A particular intervention may benefit some study volunteers, but what if some participants are tone deaf or hard of hearing? Will the intervention be therapeutic if the subject is tasked with listening to opera but—gasp—(apologies to Fleming) despises that musical genre? 

A screenshot shows historical images of lutes, statues and drawings, with the heading: "music is good for you." Speaker Silberberg is seen above.
Music has long been thought to have healing powers. But don’t make assumptions to fit your hypothesis, cautions NINDS investigator Dr. Shai Silberberg, whose advice could apply to any clinical trial design.

In designing studies, beware of unintentional bias, said Silberberg. He cited a decades-old psychology study in which students were told certain rats were bred to be smarter. The students repeatedly found those rats to be fastest at their task; but there were no trained rats.
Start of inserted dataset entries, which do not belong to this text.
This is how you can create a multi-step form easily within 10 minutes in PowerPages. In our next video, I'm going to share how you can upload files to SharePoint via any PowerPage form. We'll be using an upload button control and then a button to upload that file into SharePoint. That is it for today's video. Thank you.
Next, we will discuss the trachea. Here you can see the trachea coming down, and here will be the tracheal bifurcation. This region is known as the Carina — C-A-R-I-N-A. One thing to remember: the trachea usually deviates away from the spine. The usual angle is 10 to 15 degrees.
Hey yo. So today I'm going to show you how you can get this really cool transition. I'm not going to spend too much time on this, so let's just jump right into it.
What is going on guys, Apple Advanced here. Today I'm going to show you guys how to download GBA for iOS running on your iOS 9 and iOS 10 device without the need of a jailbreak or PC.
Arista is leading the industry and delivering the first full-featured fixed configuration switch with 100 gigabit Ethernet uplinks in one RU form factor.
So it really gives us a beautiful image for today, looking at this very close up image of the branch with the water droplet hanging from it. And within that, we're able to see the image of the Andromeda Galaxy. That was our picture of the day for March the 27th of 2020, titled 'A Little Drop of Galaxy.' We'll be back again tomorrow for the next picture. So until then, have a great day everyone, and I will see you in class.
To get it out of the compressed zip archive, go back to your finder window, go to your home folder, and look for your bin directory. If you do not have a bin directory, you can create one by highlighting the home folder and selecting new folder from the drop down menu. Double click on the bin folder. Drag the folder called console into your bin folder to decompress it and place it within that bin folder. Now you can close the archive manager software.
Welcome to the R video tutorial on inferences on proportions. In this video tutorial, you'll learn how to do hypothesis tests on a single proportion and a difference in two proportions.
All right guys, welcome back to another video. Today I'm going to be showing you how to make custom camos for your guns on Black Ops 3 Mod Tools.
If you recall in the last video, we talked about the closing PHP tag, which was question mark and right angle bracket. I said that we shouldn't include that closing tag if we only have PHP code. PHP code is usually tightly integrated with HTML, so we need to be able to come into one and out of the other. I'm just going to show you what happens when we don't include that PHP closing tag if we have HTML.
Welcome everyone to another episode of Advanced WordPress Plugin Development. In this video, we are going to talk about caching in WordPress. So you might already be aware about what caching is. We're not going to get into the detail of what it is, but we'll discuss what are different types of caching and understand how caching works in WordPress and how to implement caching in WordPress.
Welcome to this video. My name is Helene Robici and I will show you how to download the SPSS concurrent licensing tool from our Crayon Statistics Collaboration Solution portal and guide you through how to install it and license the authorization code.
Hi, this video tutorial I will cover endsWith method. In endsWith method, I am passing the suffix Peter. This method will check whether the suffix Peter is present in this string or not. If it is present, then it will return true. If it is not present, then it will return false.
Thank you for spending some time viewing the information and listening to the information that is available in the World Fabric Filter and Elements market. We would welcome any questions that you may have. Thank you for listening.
“There was expectation bias on the side of the students,” he said. “They expected the bright rats to learn faster, so that’s what they found.”   

Silberberg said his toolkit would include a mirror, a balance, blindfolds, dice and a statistician. The mirror is to reflect on unconscious biases; the balance represents taking measures to minimize their impact. Blinding all participants in a clinical trial can prevent expectation bias, he said. Randomizing participants among the groups can increase the chance that comparison groups are balanced. But be careful how you roll the dice.

In a pilot study on music therapy to enhance mobility for Parkinson’s patients, investigators randomized the participants. The test group was exposed to specific life activities and received multiple music sessions per week, while the control group did not participate in the music or activities. Was the music itself beneficial and restorative? The study was inconclusive.

“We should do our best to adjust the groups to be equal except for the one intervention being tested and, importantly, try to use objective, reliable outcomes,” advised Silberberg. 

Aim for transparent data, he added, and large effects that make the research worth pursuing and may attract broader support.